More than 200 players arrive in New York next week for two days of meetings with NHLPA Executive Director Donald Fehr. NHL Commissioner Gary Bettman will hold a Board of Governors meeting in New York on Thursday.
While it has been reported that Bettman would seek approval there to lock out the players if a new collective bargaining agreement isn't in place by midnight Sept. 15, the commissioner already has that approval, Daly said.
"Gary already has authorization of the board to lock out. I'm not sure he needs another vote of the board," Daly said. "It's to update the board on collective bargaining, and we'll see what they have to say."
When talks broke off Friday, Bettman voiced disappointment that the NHLPA didn't officially counter the league's proposal three days prior. He said it appeared the union didn't consider Sept. 15 the real deadline -- the insinuation being that games don't begin until October and paychecks don't start arriving until October.
But Bettman said concessions would be "more difficult" after Sept. 15. Damage to the business already has begun -- prospects tournaments were canceled, the NHL didn't schedule season-opening games in Europe and, Wednesday, scrapped its player media tour.
Daly said the mere possibility of a lockout is "affecting team's abilities to do business."
The NHL took in a record $3.3 billion in gross revenue last season, but Daly said the league is not profitable as a whole, and is seeking to lessen the players' share of revenues.
"The economic realities of doing business in today's world are different than they were [when the last CBA was negotiated] in 2004-05," Daly said.
In the NHL's first proposal, the NHLPA claimed that the league sought a 24 percent Year 1 pay cut from players. In the NHL's second proposal, the NHLPA claimed the league sought a 19.3 percent player pay cut in Year 1.
Daly said those numbers are inaccurate.
"Our proposal last Tuesday would have reduced the players share by 11 percent in Year 1, ... 8.5 percent in Year 2 and ... 5.5 percent in Year 3," Daly said. "In Years 4-6, it would have been at or above as we continue to grow revenues to prior levels."
Asked why players should accept any pay cut when teams negotiated these contracts fair and square, Daly said, "It's not a feature of our system that every player is guaranteed every dollar he contracts for."
Daly was referring to the fact that players put money into escrow in case teams pay players more money than agreed upon. In five of the seven years under the previous CBA, players took salary reductions. Next month, players will receive more than 8 percent back from last year's withheld escrow.
In the first three years of the NHL's proposal last Tuesday, the players' givebacks to the owners would be via escrow.
"Does it have an economic impact on the current contracts? Yes, just as escrow [under the previous CBA] would normally have an economic impact on the current contracts," Daly said.
The NHLPA has been calling for increased revenue sharing (according to sources, $240 million compared with the NHL's proposed $190 million), but Daly said, "We're not that far apart in terms of absolute dollars."
Eight years ago, the owners won the battle of public opinion.
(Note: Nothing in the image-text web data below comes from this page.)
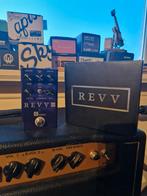 REVV G3 Distortion, Ophalen, Zo goed als nieuw, Distortion, Overdrive of Fuzz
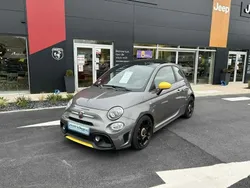 Gris Utilisé 2018 Abarth 595 Pista Citadine | 16 900 € (Prix assez cher)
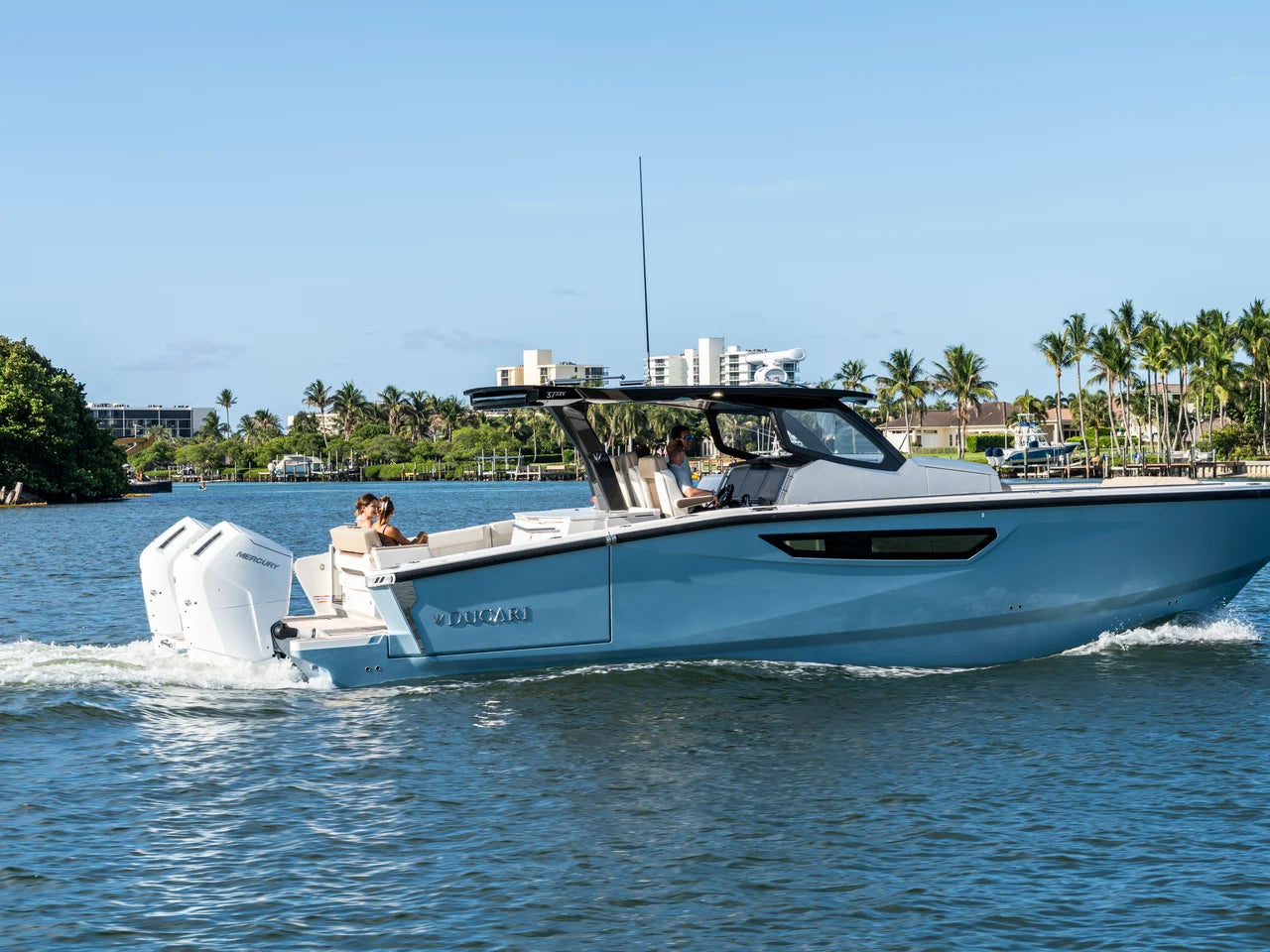 2027 Ducari 37 XIV 37.0 feet, Jupiter, Florida #95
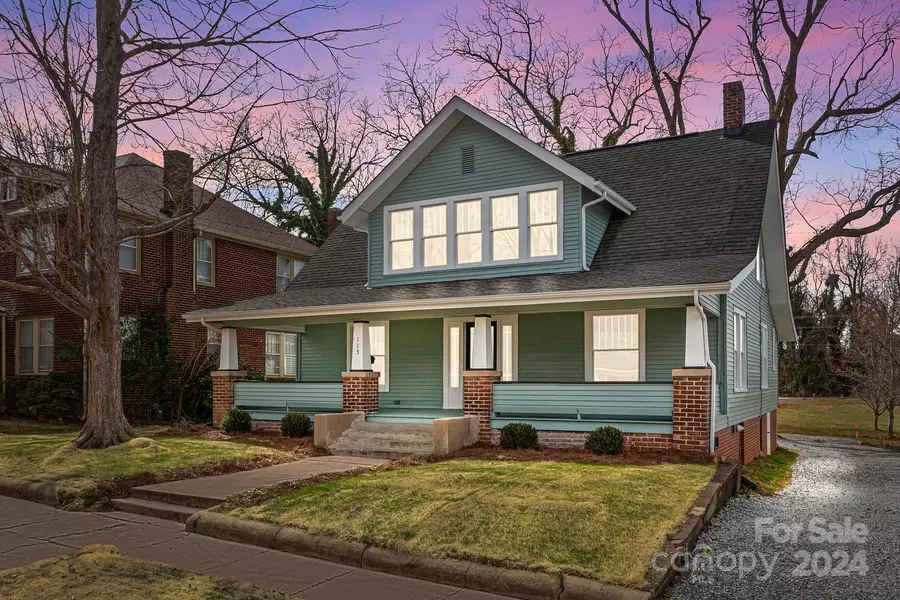 115 2nd ST, Spencer, NC 28159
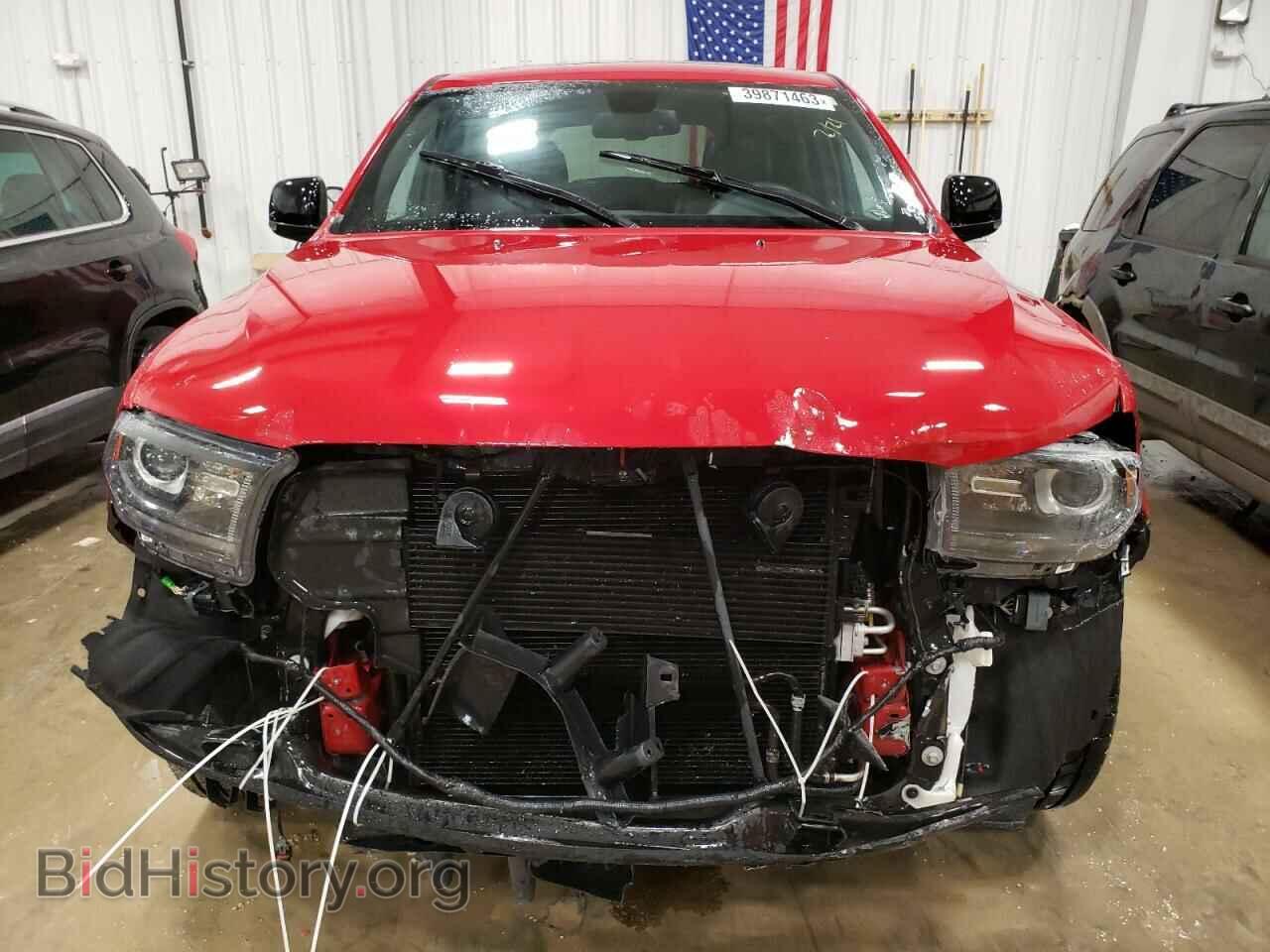 2015 DODGE DURANGO - VIN: 1C4SDHCTXFC873649 - Photo 5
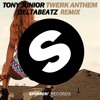 Tony Junior - Twerk Anthem (Deltabeatz Remix)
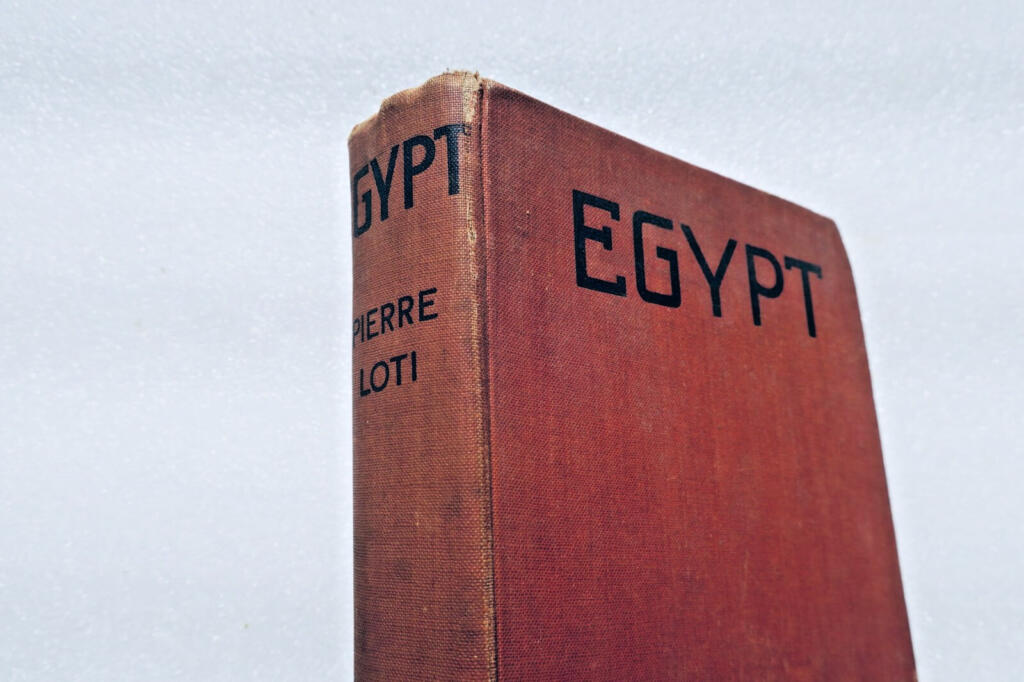 Ägypten durch Lotis Augen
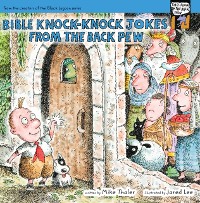 Cover Bible Knock-Knock Jokes from the Back Pew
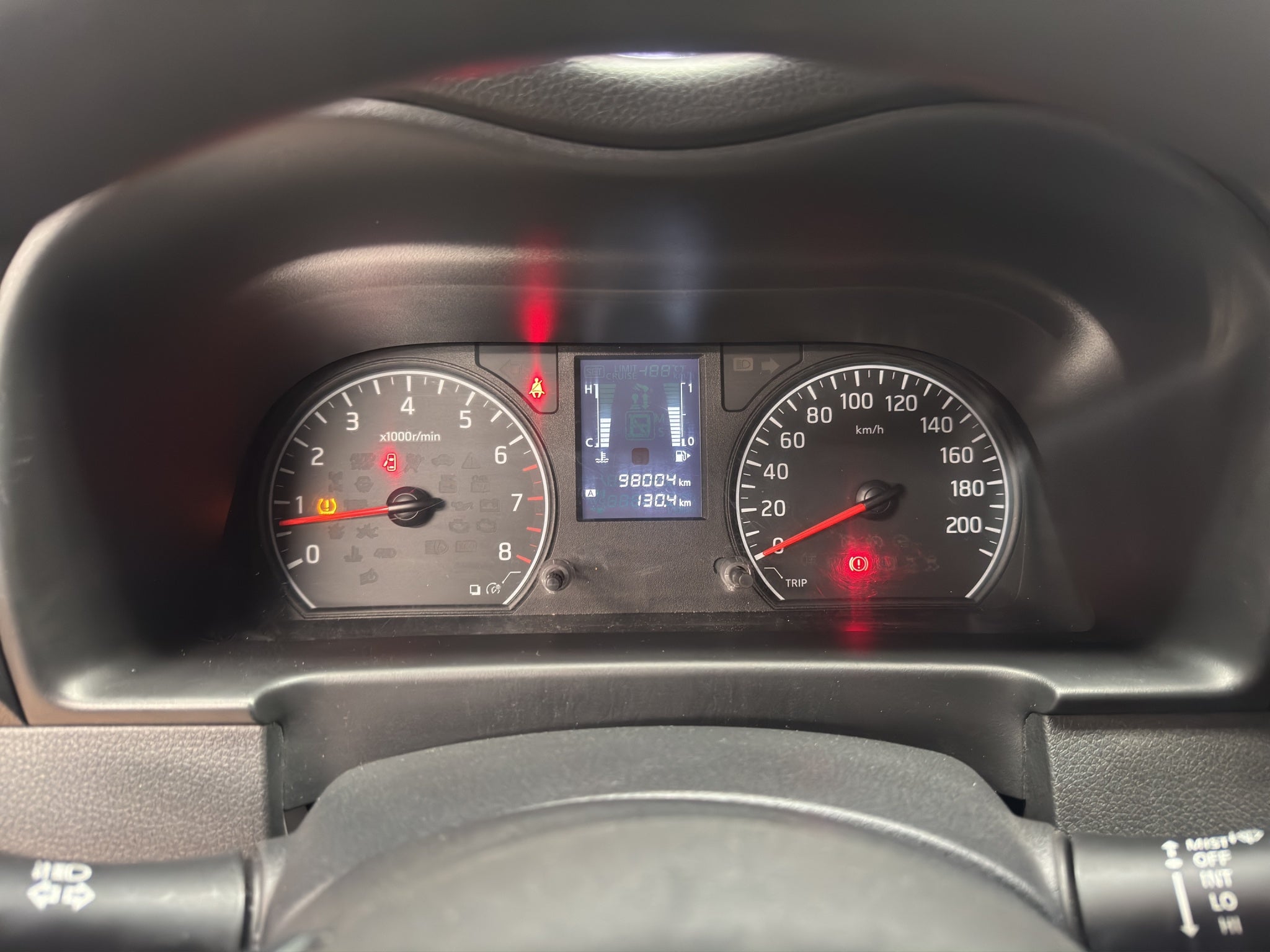 2024 Nissan Comerciales Urvan Panel 4 pts. Amplia, TM5, a/ac.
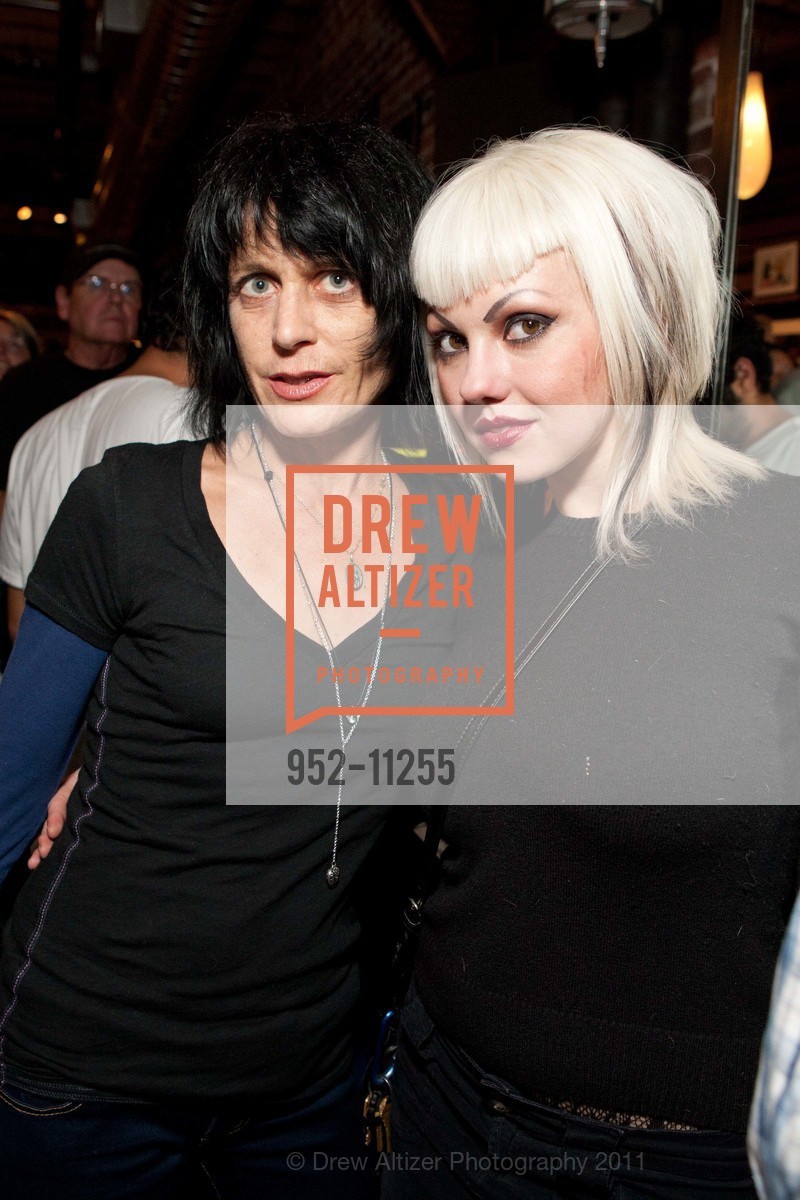 Sherri Durrell, Brynna Ashley, John Varvatos InStore Event, US, October 5th, 2011, Photo #952-11255 Sherri Durrell, Brynna Ashley, Photo #952-11255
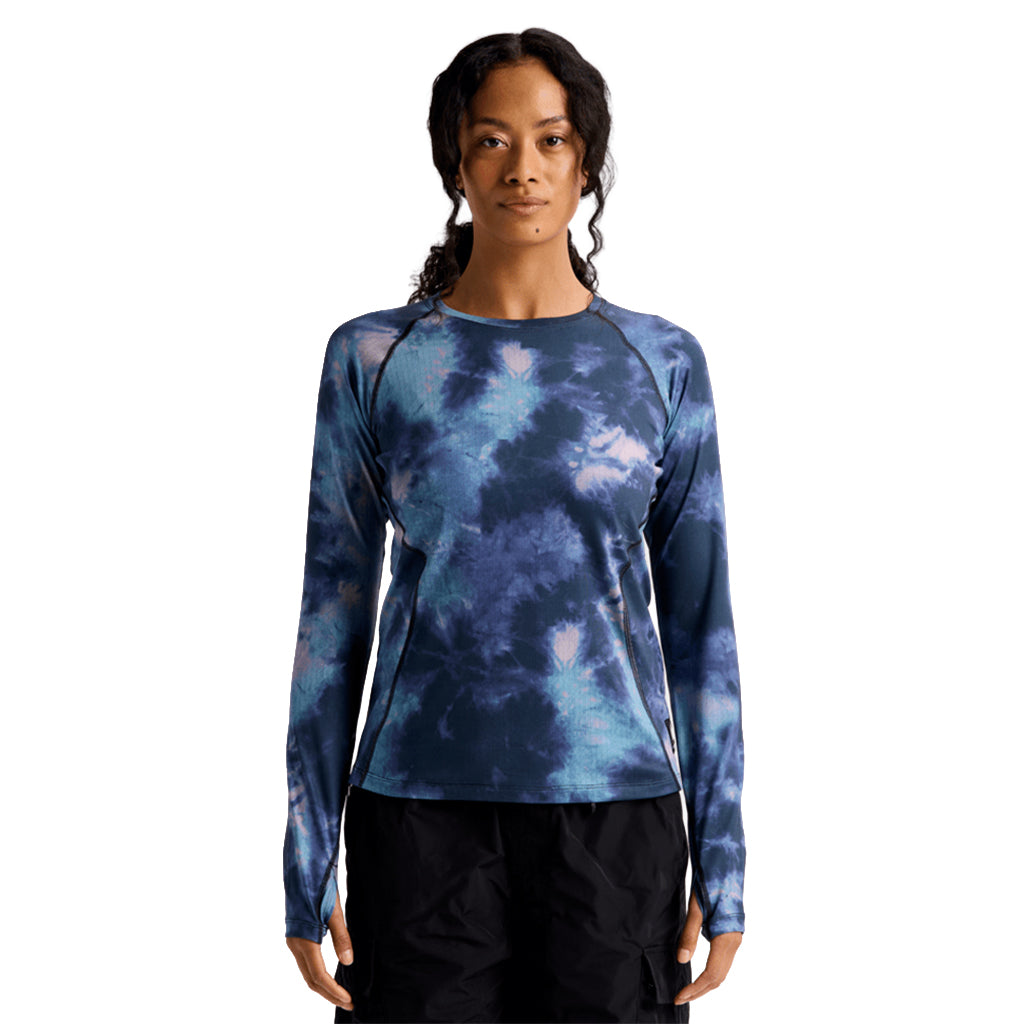 Wms Lightweight Crewneck - Base Layer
This time, the players are doing a masterful job via social media painting Bettman as the bad guy and the owners as greedy.
"Fan perception is important to us, but at the end of the day, we have to do an economic deal that's going to work for our clubs and our owners and our business and that's going to make the league healthy going forward," Daly said. "We hope to do that with the support of our fan base."